Automatic Knife Release Form
Use & Care
Caring for Your Cutlery
One aspect of caring for your knives is maintaining the edge and, when needed, sharpening the blade. But it’s also important to be aware of how you’re using your knives on a daily basis.
Kai cutlery is designed to be used in a smooth, slicing motion—never in an up-and-down “chopping” manner. Imagine cutting wood with a handsaw, then slice through your food with a similar motion, intentionally pushing the knife forward and down as you slice, then pulling it back toward your body. Always pay attention to where your ﬁngers are in relation to the knife. Your skill and experience level should determine the speed at which you cut. When ﬁrst using these knives, it’s best to slow down and enjoy the effortless precision and cutting ability of your new knife. The only exception is when using the Kai PRO cleaver, which can be chopped with.
Please do not use Kai knives on bones, joints, or frozen foods. Most Kai knives are designed for precision slicing rather than crushing down through hard materials. The Kai PRO Asian Multi-Prep is perfect for cutting between joints and the Kai PRO Asian Utility works well on small bones. For heavy-duty cutting, we recommend the Kai PRO Meat Cleaver.
The cutting surface you use makes a big difference in keeping your knives sharp. A good cutting board will help retain a sharp edge substantially longer. Medium-soft woods, such as hinoki, are preferred. Tile, ceramic, synthetic, marble, granite, or any kind of glass cutting boards are not recommended and can be very hard on your knives.
Washing & drying
It is important to protect your investment by hand washing your knives with gentle dish soap. Do not use soaps with citrus extracts or bleach; they can promote rust. Hold the knife flat against the back wall of the sink. Gently wash the exposed side with warm, soapy water. Turn the knife over and repeat. Rinse and towel dry immediately. Do not leave your knife sitting in a sink full of soapy water. It is hard on metals to be submerged in water for prolonged periods, and it’s a danger when you reach in.

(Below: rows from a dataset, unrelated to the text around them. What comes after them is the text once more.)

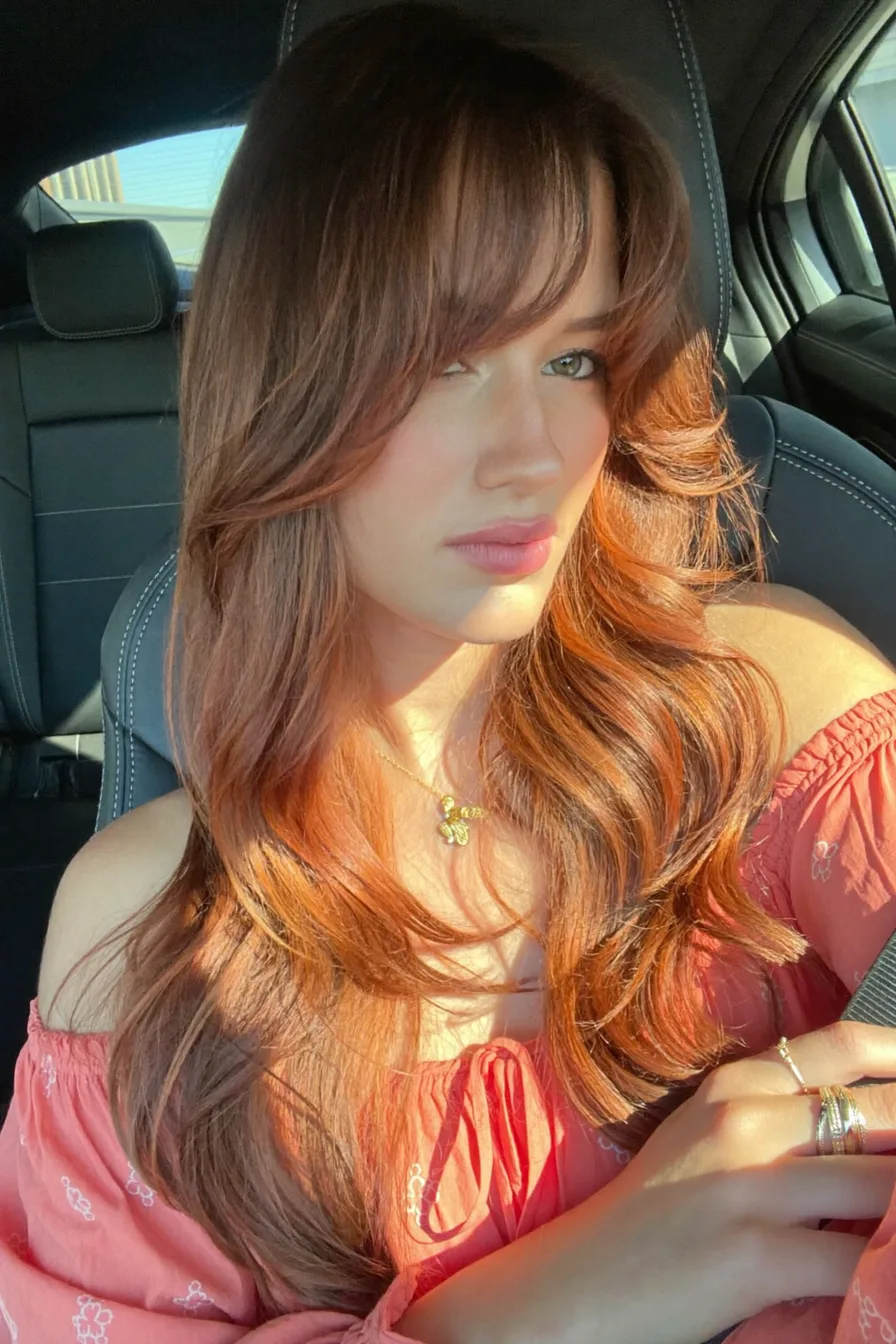 Sunlit Copper Layers with Side-Swept Wispy Bangs Perfection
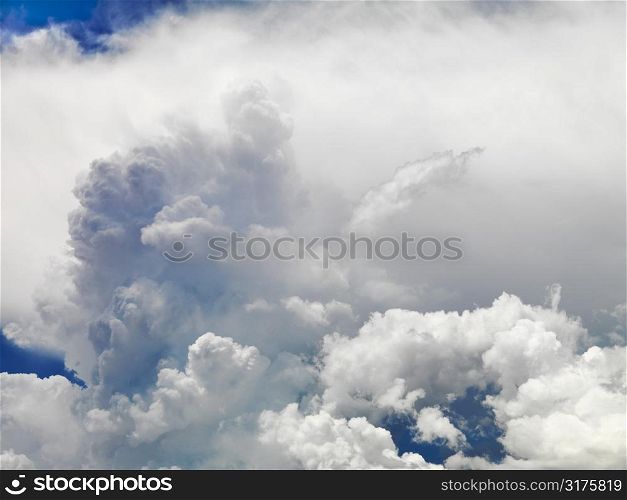Large fluffy clouds in sky.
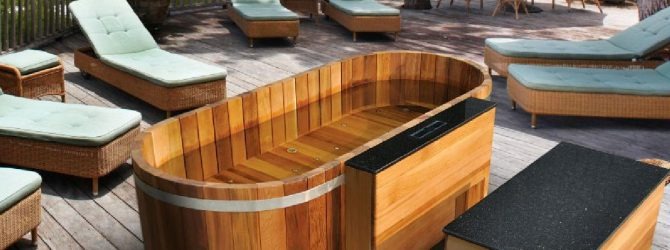 Drewniana wanna z hydromasażem na tarasie, otoczona wiklinowymi leżakami z jasnymi poduszkami.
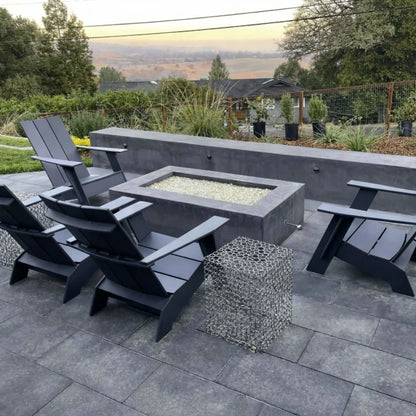 Outdoor patio fire pit installation using a polished chrome eight inch universal gas key, shown in a modern backyard setting with a rectangular fire pit surrounded by contemporary seating and stone hardscape.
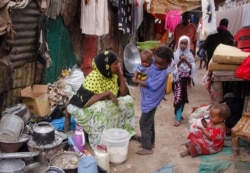 FILE - Residents live in crowded conditions in the Sayidka camp for internally displaced people in Mogadishu, Somalia, March 26, 2020.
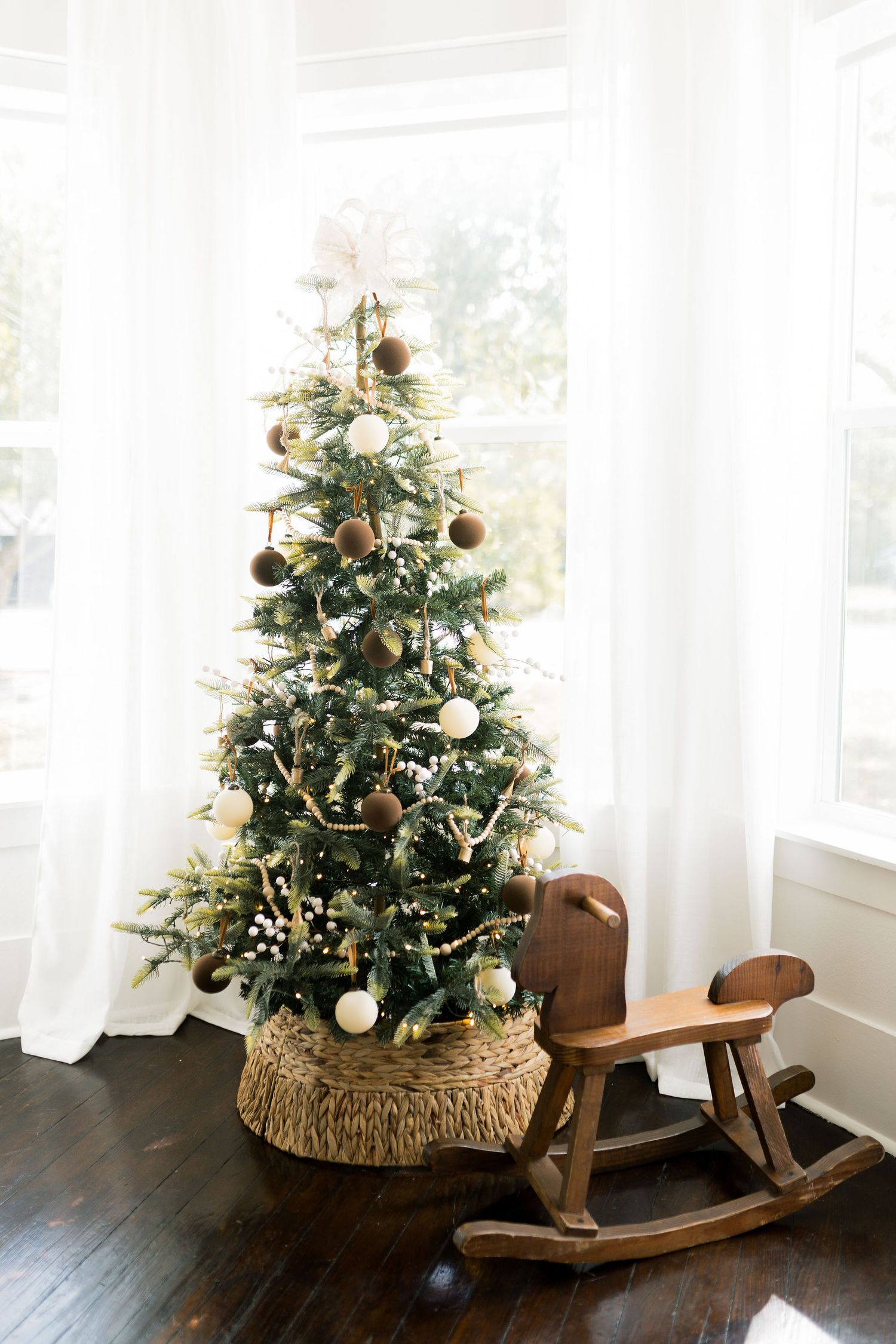 Decorated Christmas tree with gold and white ornaments beside a wooden rocking horse near bright windows.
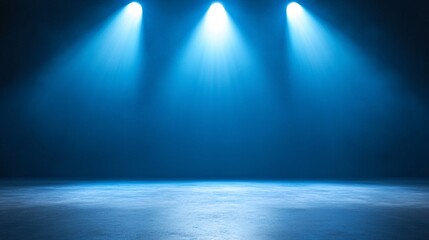 A dark stage illuminated by three powerful blue spotlights, creating a dramatic and moody atmosphere perfect for performances.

Handwashing is also the best way to care for the wood handles of your knives. Although the wood has been stabilized, it is natural wood and, like all wood, will tend to shrink in very arid environments and swell in very humid environments. The handle color may change slightly over time due to oils in the hand as well as the natural color change of wood from oxidation and/or exposure to light. This is not a defect, but a natural part of the process.
After handwashing your knives, dry them immediately using a soft and absorbent dishtowel. Leaving water or any dampness on your knives can cause rusting. A thorough drying will help maintain your knives properly. Allowing them to air dry for a little while before storing helps, too.
It is best to store your Kai cutlery in a wooden block, in-drawer knife tray, sheath, or knife case. Do not store your knives unsheathed in a drawer.
Single-bevel blade care
The Wasabi line features several single-beveled blades. In addition to the general care above, you can give your single-beveled blade some additional TLC to enhance its razor-like qualities.
Like those of most manufacturers, Wasabi single-beveled blades have a micro-bevel on the blade back. This enables you to use the blade right out of the box—and to be able to touch up the edge using a smooth hone or 6000-grit whetstone.
These knives can be further sharpened and shaped using a method known as uraoshi. The uraoshi process can be done by the knife owner using a series of progressively finer-grit whetstones or by a professional sharpening service.
Uraoshi flattens the back of the blade along the edge and the spine. The slight hollow in the blade back, which helps food release from the blade, remains in the blade's center; only the edges are completely flattened. Since there's no angle to maintain, this makes sharpening easier; you simply pull the blade flat across the whetstone. It reduces sharpening effort, too, since you're only concerned with the edges and not the entire back of the blade. Further, it strengthens the edge.
That said, uraoshi sharpening is a learned skill and we recommend having a professional sharpener do this for you unless you are an accomplished sharpener yourself.